Retornando a la Plaza Mayor, en su costado occidental, la Casa Museo del Maestro Luis Alberto Acuña, de más de 300 años de antigüedad, recuperada por el escultor e historiador santandereano, en la cual se exhibe una significativa colección de obra pictórica, murales, esculturas, terracotas y antigüedades del Maestro, considerado uno de los artistas más importantes en el arte latinoamericano del siglo XX; creador e impulsor del movimiento Bachué, que abordó el nacionalismo, los paisajes, las narrativas ancestrales y costumbristas, como rasgos particulares de la identidad nacional. Un lugar en el que es posible observar copias de algunas obras de autores famosos, como el Greco y Rembrandt, y en el cual se exponen igualmente tapices, frisos y murales sobre el periodo cretáceo; además de fósiles, objetos arqueológicos y artesanales.
Y en ese perderse infinito entre calles, encontrarse de repente con la obra del escultor cartagenero Edgardo Carmona, en el Parque Antonio Nariño. Ensamblajes de gran tamaño, en acero, que parecen custodiar sus cuatro esquinas, y otorgan un magnífico contraste de modernidad a la monumental y tradicional villa.

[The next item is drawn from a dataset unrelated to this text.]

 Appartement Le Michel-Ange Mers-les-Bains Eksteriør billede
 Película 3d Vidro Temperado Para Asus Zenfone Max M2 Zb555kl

Al caer la tarde, un atardecer de peculiar belleza regala otra mirada distinta de la hermosa Villa de Leyva. El repicar de las campanas invita al peregrino a acudir a la iglesia de Nuestra señora del Rosario, mientras en los alrededores se encienden los faroles, y con ese igualmente atractivo telón de fondo, comienza para muchos otros la vida nocturna.